*** Opening Given material ***
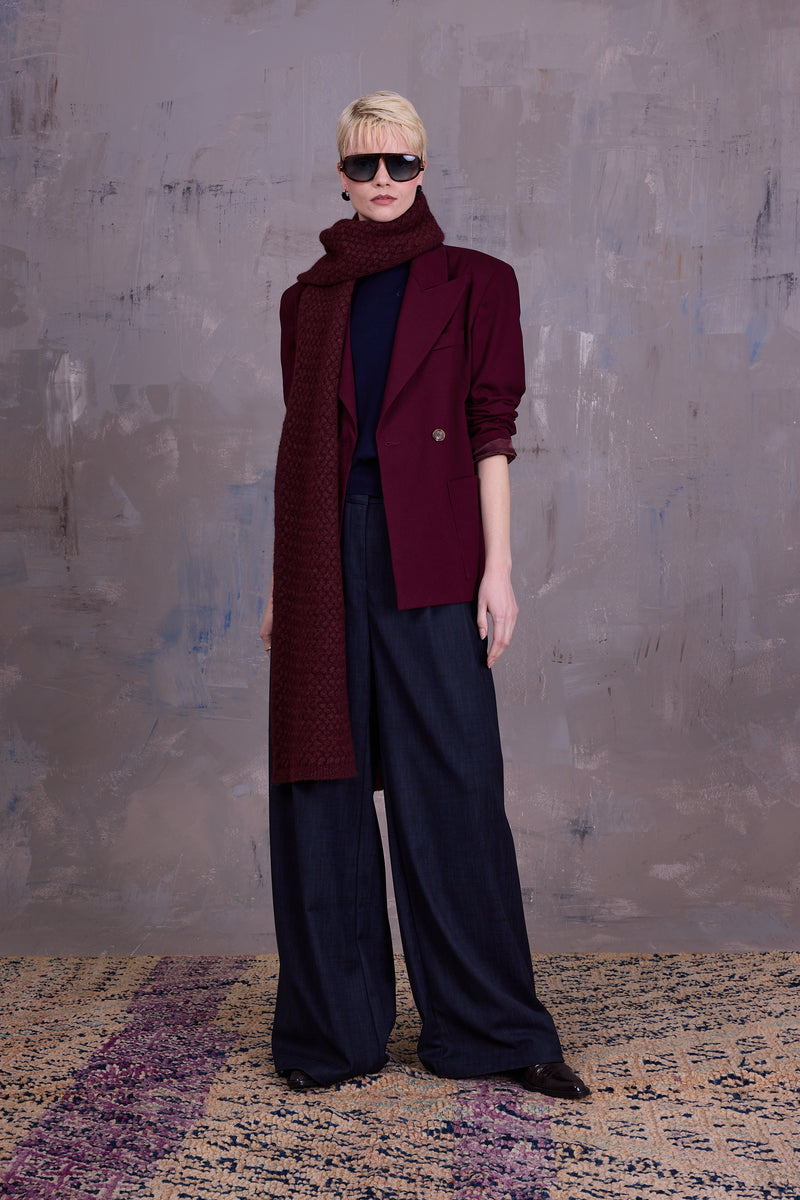 Gino scarf in merlot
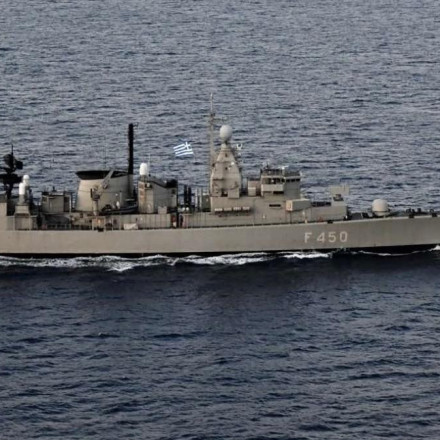 Η φρεγάτα «ΕΛΛΗ» παίρνει τη θέση της φρεγάτας «ΨΑΡΑ» στην Κύπρο - Αλλαγή βάρδιας μετά από 36 ημέρες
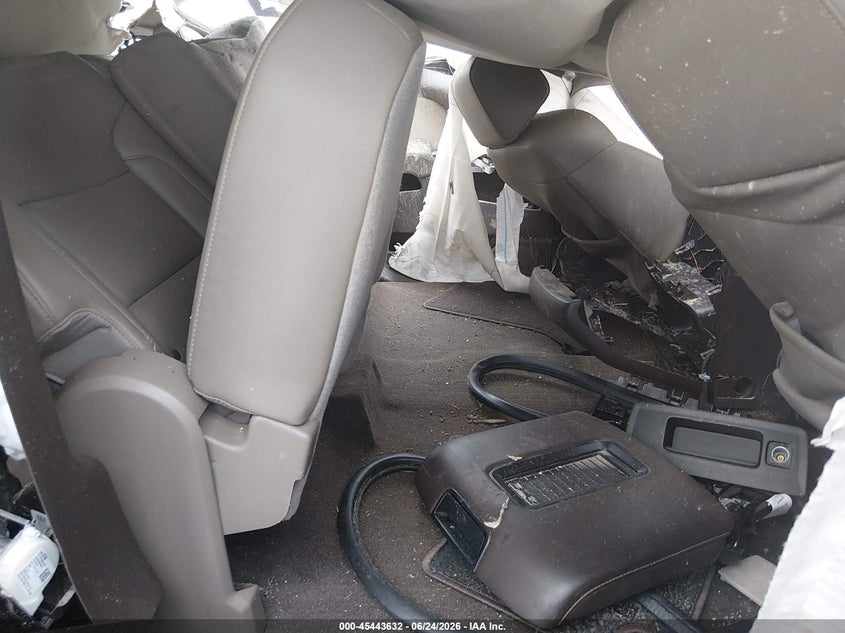 2018 Gmc SIERRA VIN 3GTU2NEC1JG281914 IAAI salvage auction — ROOF, Salvage Title, sold $875 on 2026-08-27 (photo 8)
*** Closing Given material ***
Instruction for this listing: copy it exactly, but leave the images behind.

Solution to this task>
 Gino scarf in merlot
 Η φρεγάτα «ΕΛΛΗ» παίρνει τη θέση της φρεγάτας «ΨΑΡΑ» στην Κύπρο - Αλλαγή βάρδιας μετά από 36 ημέρες
 2018 Gmc SIERRA VIN 3GTU2NEC1JG281914 IAAI salvage auction — ROOF, Salvage Title, sold $875 on 2026-08-27 (photo 8)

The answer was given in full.